Nel 2005 viene invitato a parlare in televisione ed è lì che esplode tutto il suo anticonformismo. Marxista convinto, Ergić si scaglia contro il capitalismo sempre più dilagante nel calcio, criticandone ogni aspetto.
“Hanno trasformato i calciatori in protagonisti di una fiction. Ciò che accade sul campo conta sempre meno: si parla delle loro vite private, si insiste fino all’esasperazione sulla loro immagine, sul loro aspetto. Alla fine, non c’è alcuna differenza fra un calciatore e un personaggio della Disney. Il giocatore è un prodotto, il tifoso un consumatore passivo. Le istituzioni, i club e i funzionari non vogliono sporcare l’immagine del calcio come sport bellissimo, umano e popolare. Ma il calcio non è più così, è diventato un business, più brutale, distaccato e commercializzato che mai”.
Boom, deflagrazione totale.Ergić arriva dritto come un pugno nella faccia apparentemente pulita del pallone. È il primo calciatore della storia che ne parla così direttamente, pubblicamente, senza nascondersi. E nel 2006, dopo i Mondiali giocati con la Serbia, fa anche di più: lascia la Nazionale perché la considera un contenitore ultra-nazionalista e lui non vuole farne parte.
“Lasciai la Nazionale per molti motivi e il disprezzo per i forti sentimenti nazionalistici è stato uno di questi. La Nazionale di calcio diventa una delle istituzioni che riproduce il nazionalismo e il collettivismo irrazionale, a un passo dalla xenofobia, dall’omofobia, dal razzismo”.
Seconda potente deflagrazione, ma non basta. Ergić, che ha scelto di non affidarsi ad alcun agente o procuratore di sorta, decide spontaneamente di affiancare la sua carriera da calciatore a quella di editorialista sul prestigioso giornale Politika. Inizia, anzi torna, ad attaccare tutto e tutti. Diventa di fatto il primo calciatore ancora in attività a schierarsi contro il suo stesso mondo, quello che gli ha dato fama e ricchezza. Qualcuno potrebbe pure chiamarlo traditore.
E infatti viene deriso, represso, calpestato e odiato. Nel 2009 il Basilea decide che non c’è più bisogno di lui e dopo quasi dieci anni insieme non gli rinnova il contratto. Ergić ha ancora 28 anni, è nel pieno della sua carriera, ma di offerte importanti non ne arrivano. Tutto tace e il suo agente non può fare nulla perché non ce l’ha. Chi se lo prende un calciatore che rinnega l’essere calciatore?

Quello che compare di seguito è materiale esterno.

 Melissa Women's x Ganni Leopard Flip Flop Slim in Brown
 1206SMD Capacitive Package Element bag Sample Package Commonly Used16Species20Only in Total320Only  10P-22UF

Se lo prende il Bursaspor, una delle nuove realtà calcistiche in Turchia. Ergić arriva nel Bosforo con tutto l’entusiasmo possibile, vince uno storico campionato ed è uno dei protagonisti dell’impresa sfiorata in Champions contro il Manchester United, che a Old Trafford vince soltanto 1-0. Poi dice basta, ad appena 30 anni. Ha già dato abbastanza, forse troppo, a quel mondo che non gli appartiene.
Oggi continua a scrivere, continua a dire la sua. Perché Ergić ama il pallone, ma odia il calcio. È figlio unico. E non gli importa di essere deriso, represso, calpestato e odiato.